_YOUR TASK_
Return exactly the span of lines in the following data that opens with the line containing "Modern Apartment With" and closes with the line containing "Living Room, dwarka". Include nothing else.
Content starts
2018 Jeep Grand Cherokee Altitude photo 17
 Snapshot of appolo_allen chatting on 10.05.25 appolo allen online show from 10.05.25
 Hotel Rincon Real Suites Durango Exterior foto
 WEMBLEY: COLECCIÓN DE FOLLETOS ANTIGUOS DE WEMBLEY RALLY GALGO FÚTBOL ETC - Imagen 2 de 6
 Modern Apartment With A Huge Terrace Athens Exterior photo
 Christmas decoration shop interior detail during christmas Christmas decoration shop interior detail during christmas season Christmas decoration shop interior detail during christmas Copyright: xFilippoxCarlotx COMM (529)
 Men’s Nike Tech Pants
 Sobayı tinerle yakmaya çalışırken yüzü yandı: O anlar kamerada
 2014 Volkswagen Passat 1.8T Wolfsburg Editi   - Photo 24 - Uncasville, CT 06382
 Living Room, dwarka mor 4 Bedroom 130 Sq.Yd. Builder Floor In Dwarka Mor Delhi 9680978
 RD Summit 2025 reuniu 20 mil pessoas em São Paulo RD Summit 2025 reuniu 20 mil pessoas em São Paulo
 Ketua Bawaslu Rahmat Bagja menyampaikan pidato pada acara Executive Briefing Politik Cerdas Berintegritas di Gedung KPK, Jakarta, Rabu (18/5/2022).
Content ends
_PROBLEM SOLUTION_
 Modern Apartment With A Huge Terrace Athens Exterior photo
 Christmas decoration shop interior detail during christmas Christmas decoration shop interior detail during christmas season Christmas decoration shop interior detail during christmas Copyright: xFilippoxCarlotx COMM (529)
 Men’s Nike Tech Pants
 Sobayı tinerle yakmaya çalışırken yüzü yandı: O anlar kamerada
 2014 Volkswagen Passat 1.8T Wolfsburg Editi   - Photo 24 - Uncasville, CT 06382
 Living Room, dwarka mor 4 Bedroom 130 Sq.Yd. Builder Floor In Dwarka Mor Delhi 9680978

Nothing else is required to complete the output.